Your assignment.
Every line from the one holding "TNF Essential Simple" to the end of the entries should be repeated exactly, with the pictures left out.

Short text fragments from websites
==================================================

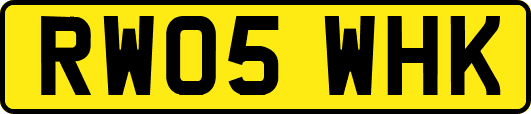 RW05WHK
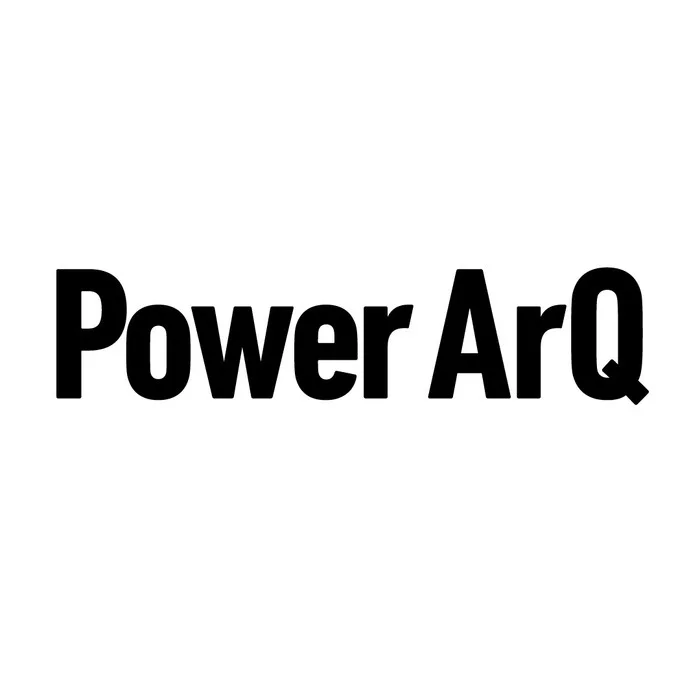 PowerArQのロゴ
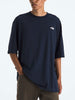 TNF Essential Simple Dome Oversized T-Shirt Fall 2025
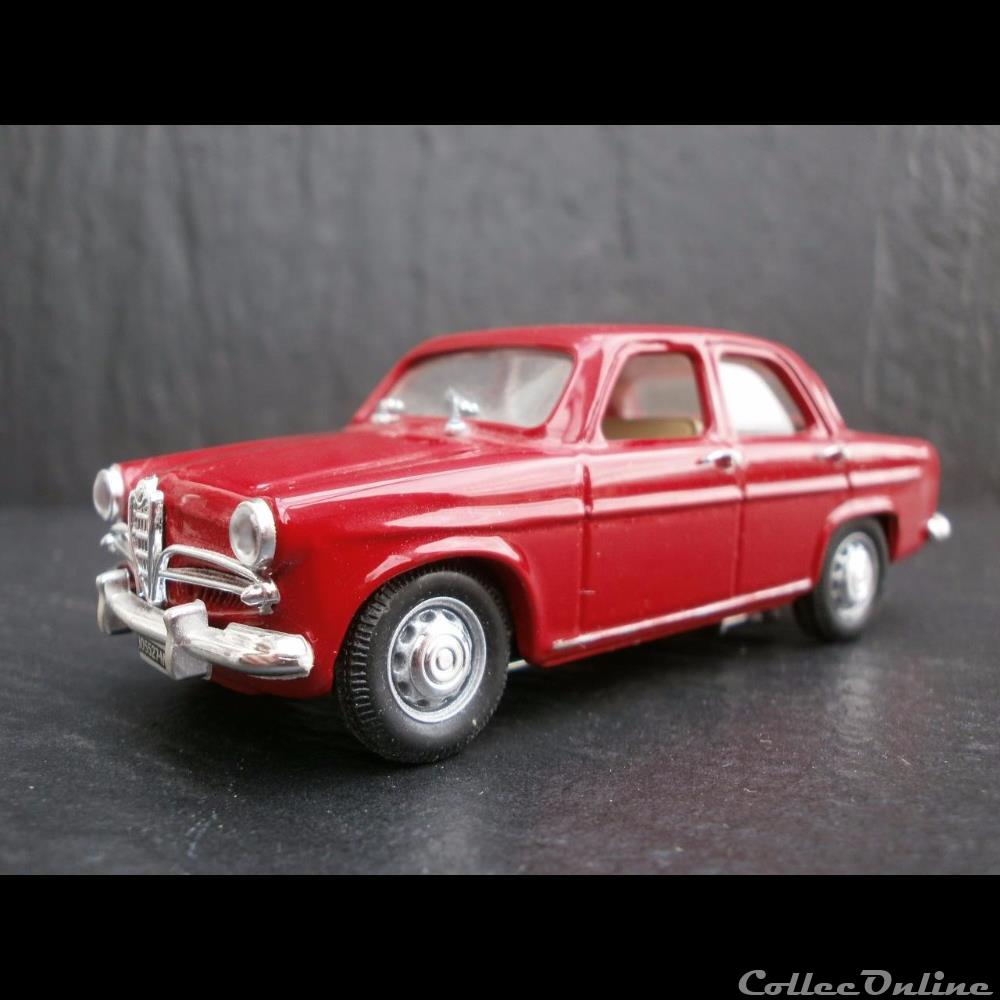 Alfa Roméo Giulietta modele reduit voiture alfa romeo giulietta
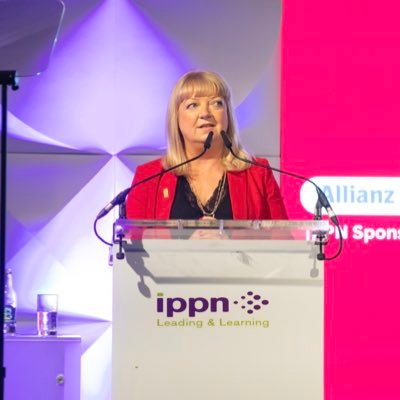 Louise Tobin, IPPN President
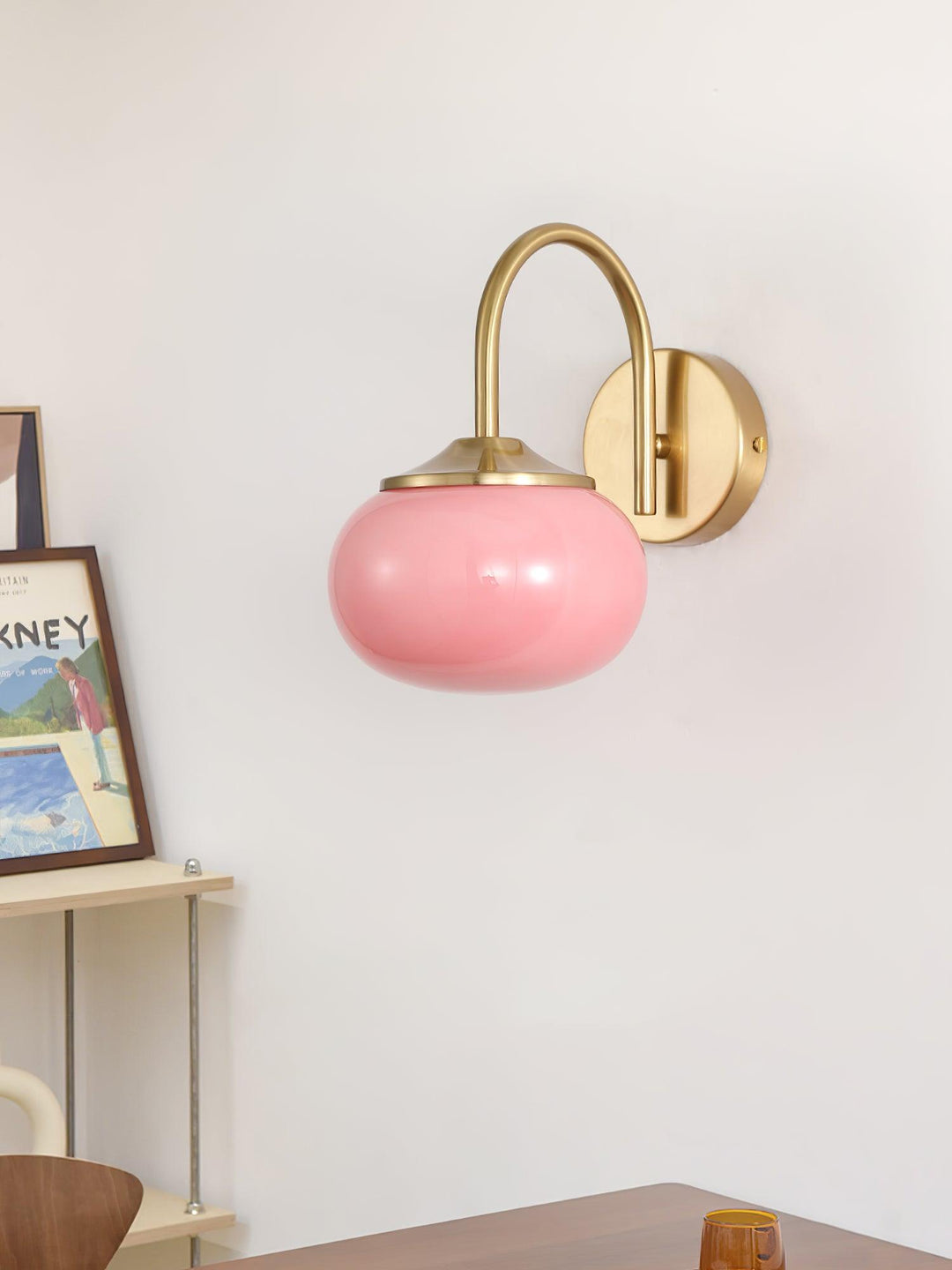 Lampa Ścienna Marshmallow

==================================================

Task result.
 TNF Essential Simple Dome Oversized T-Shirt Fall 2025
 Alfa Roméo Giulietta modele reduit voiture alfa romeo giulietta
 Louise Tobin, IPPN President
 Lampa Ścienna Marshmallow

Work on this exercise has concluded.